L’armée israélienne affirme avoir tué plus de 9 000 membres à Gaza, sans oublier le millier de terroristes tués en territoire israélien le 7 octobre.
On ignore si les médicaments, qui devaient être transférés par la Croix-Rouge, ont effectivement été remis aux otages.
On estime à 132 le nombre des otages faits par le Hamas le 7 octobre dernier encore à Gaza – pas tous en vie – depuis la libération de 105 civils à la faveur d’une trêve d’une semaine fin novembre. Quatre otages avaient été libérés avant cette date, plus une, secourue par des soldats. Les corps de huit otages ont également été retrouvés et trois otages ont été tués par erreur par l’armée. Tsahal a d’ailleurs confirmé la mort de 27 otages toujours aux mains du Hamas, sur la foi de nouveaux renseignements collectés par les soldats déployés à Gaza. Une autre personne est portée disparue depuis le 7 octobre.
Les communautés israéliennes ont été ravagées par le Hamas le 7 octobre dernier, lorsque des terroristes ont pris d’assaut la frontière avant d’assassiner près de 1 200 personnes, pour la plupart des civils, et de faire 240 otages.

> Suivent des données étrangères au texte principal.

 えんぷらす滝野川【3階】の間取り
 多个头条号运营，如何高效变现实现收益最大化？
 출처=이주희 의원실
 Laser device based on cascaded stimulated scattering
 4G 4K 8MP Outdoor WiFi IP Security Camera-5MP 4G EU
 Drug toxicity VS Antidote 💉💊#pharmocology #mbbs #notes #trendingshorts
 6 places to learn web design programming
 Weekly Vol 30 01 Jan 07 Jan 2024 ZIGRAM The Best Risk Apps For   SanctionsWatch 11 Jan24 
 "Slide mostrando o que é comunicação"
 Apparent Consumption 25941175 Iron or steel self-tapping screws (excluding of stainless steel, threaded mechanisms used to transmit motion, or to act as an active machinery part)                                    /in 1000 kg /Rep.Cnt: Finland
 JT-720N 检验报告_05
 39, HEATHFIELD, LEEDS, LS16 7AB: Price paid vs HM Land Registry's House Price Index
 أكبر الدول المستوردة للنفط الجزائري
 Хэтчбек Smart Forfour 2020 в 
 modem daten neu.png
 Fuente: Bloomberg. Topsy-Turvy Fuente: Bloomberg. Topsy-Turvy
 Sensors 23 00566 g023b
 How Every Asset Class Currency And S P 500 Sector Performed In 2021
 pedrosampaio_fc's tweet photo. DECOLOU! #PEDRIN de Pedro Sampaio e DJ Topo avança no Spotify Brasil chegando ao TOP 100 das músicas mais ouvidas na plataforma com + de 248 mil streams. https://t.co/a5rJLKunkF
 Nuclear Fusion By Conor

Israël s’est lancé dans une campagne aérienne et terrestre de grande envergure à Gaza afin d’en finir avec l’organisation terroriste. Cette opération dure depuis plus de 100 jours. Selon l’armée, les combats se sont intensifiés jeudi, lorsque les soldats de Tsahal se sont déployés dans Khan Younès et tué une quarantaine de membres du Hamas le même jour.
La brigade Givati a par ailleurs attaqué « l’avant-poste de Shuhada », principal bastion du bataillon Khan Younès Sud du Hamas qui accueille les bureaux du commandant du bataillon du Hamas, où elle a saisi de nombreuses armes et collecté des documents sources de renseignements.
Des combats de moindre importance se sont également poursuivis dans le nord de Gaza. L’armée affirme avoir tué plusieurs hommes armés lors de frappes de chars et d’avions dans des zones où elle dit avoir établi un « contrôle opérationnel ».